Jaki? Mamy wyjątkowo wysokie wydatki zbrojeniowe. To dlatego?
- Od 2021 roku wydatki publiczne wzrosły o 6 punktów proc. PKB, a od 2019 roku - o 9 punktów proc. PKB. Cały deficyt wynika więc z wyższych wydatków, w bardzo wielu kategoriach. To płace w sektorze publicznym, świadczenia społeczne, obronność, odsetki, po trochu wszystkiego.

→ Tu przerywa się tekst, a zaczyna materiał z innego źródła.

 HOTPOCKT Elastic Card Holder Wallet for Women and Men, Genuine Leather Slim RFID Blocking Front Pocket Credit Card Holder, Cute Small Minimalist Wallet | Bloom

W Polsce potrzebna jest uczciwa dyskusja o tym, jak ten deficyt stopniowo zmniejszać. Czy Polacy chcą utrzymania wyższych wydatków, które są na poziomie Niemiec lub Włoch, czyli w wysokorozwiniętych gospodarkach Europy? Jeśli tak, to muszą wzrosnąć dochody państwa. Ludzie powinni pomyśleć o wyższych podatkach. Jeśli nie są gotowi płacić wyższych podatków, wydatki muszą spaść. Innej możliwości nie ma.
Kiedy trzeba to zrobić? Już teraz?
- Oczywiście zawsze lepiej robić to, gdy wzrost jest silny, jak teraz, niż kiedy wzrost jest słaby. Dlatego uważamy, że to jest dobry moment, aby zacząć zmniejszać deficyt. Pokreśliłbym, że nie chodzi tu o przykładanie mniejszej wagi do wydatków na obronę. Rozumiemy że są one priorytetowe.
Są poza dyskusją.
- Więc nie ma tematu. Ale rozmowa o tym, jak zmniejszyć deficyt, musi się zacząć.

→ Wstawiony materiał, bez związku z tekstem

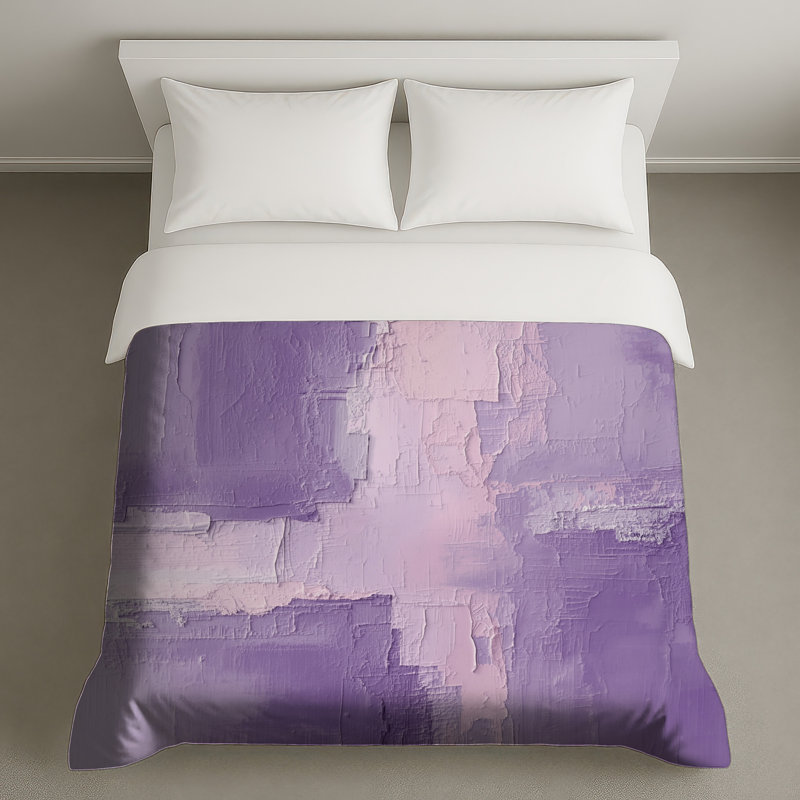 Housses de couette texturées à motif abstrait mauve, Grand lit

To jak powinien się zmniejszać deficyt? Gdzie zmniejszać wydatki?
- Priorytety w wydatkach zależą od decyzji Polaków. Ale w dwóch obszarach widzimy potencjał oszczędności. Przede wszystkim świadczenia społeczne. Obecnie świadczenia społeczne są uniwersalne. Każdy je dostaje, niezależnie od dochodu. Widzimy potrzebę, by zacząć bardziej kierunkować świadczenia. Drugi obszar obejmuje płace sektora publicznego. Jeśli spojrzeć na wydatki na płace, są powyżej średniej UE. Istnieje więc możliwość obniżenia kosztów tego rachunku. Nie widzimy dużych możliwości zmniejszenia liczby pracowników, ale poziom płac jest względnie wysoki w porównaniu z resztą Europy. To nie jest łatwe zadanie, bo naprawdę ważne jest, aby utrzymać wysokiej jakości usługi publiczne podczas tego procesu. Dlatego wymaga to dokładniejszej analizy służby cywilnej, aby upewnić się, że wraz z niższymi kosztami wynagrodzeń nie obniży się produktywności. Ale świadczenia socjalne to obszar, na którym rząd powinien się skupić najpierw.

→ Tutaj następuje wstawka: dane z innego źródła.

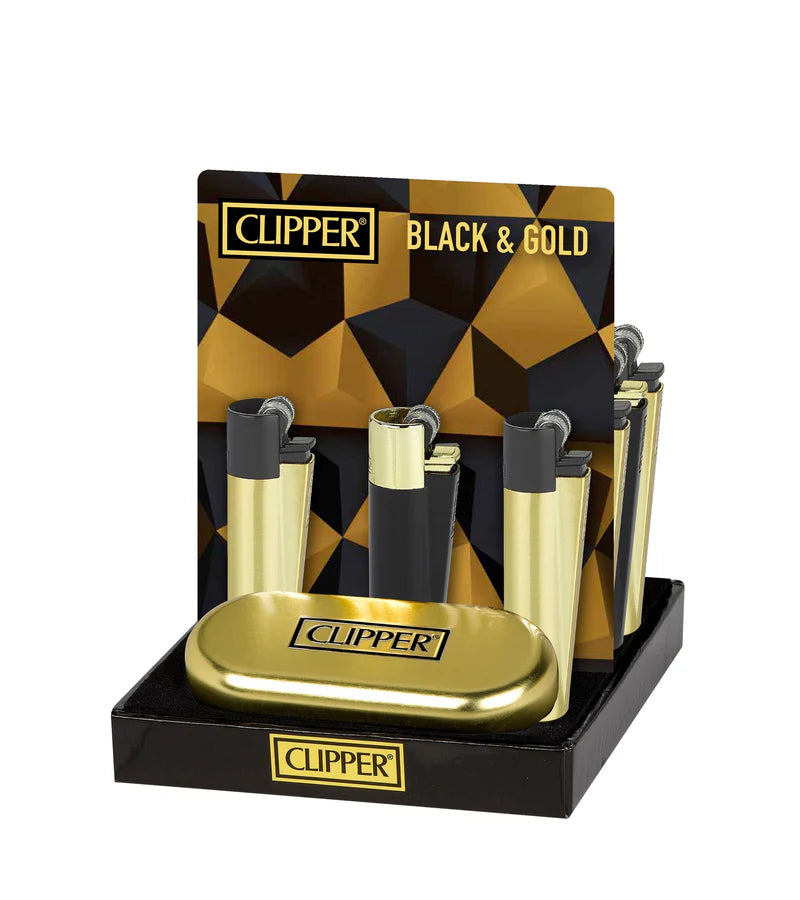 Clipper Reusable Large Metal Black & Gold 12ct Display With Gift Box - Premium  from H&S WHOLESALE - Just $78! Shop now at H&S WHOLESALE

Dane statystyczne pokazują, że poziom ubóstwa, po przejściowym zmniejszeniu, był ostatnio taki, jak w 2015 roku. Jak wytłumaczyć tę sytuację?
- To złożony problem. Po pierwsze pogorszył się wskaźnik skrajnego ubóstwa. Uważamy, że jest to głównie związane z gwałtownym wzrostem inflacji. Ta sytuacja zaczęła się już poprawiać. Po drugie, nierówności w Polsce nie są zbyt wysokie. Nie jest to więc obszar, który łatwo jest dalej poprawiać. Po trzecie, główny powód, dla którego wydatki budżetu nie mają większego wpływu na nierówności, jest dość prosty. Po stronie wydatków świadczenia społeczne są uniwersalne, a nie celowane. Po stronie dochodów system podatkowy nie ma znaczącej progresywności. W rezultacie ani strona dochodów, ani wydatków nie są tak naprawdę źródłem redystrybucji.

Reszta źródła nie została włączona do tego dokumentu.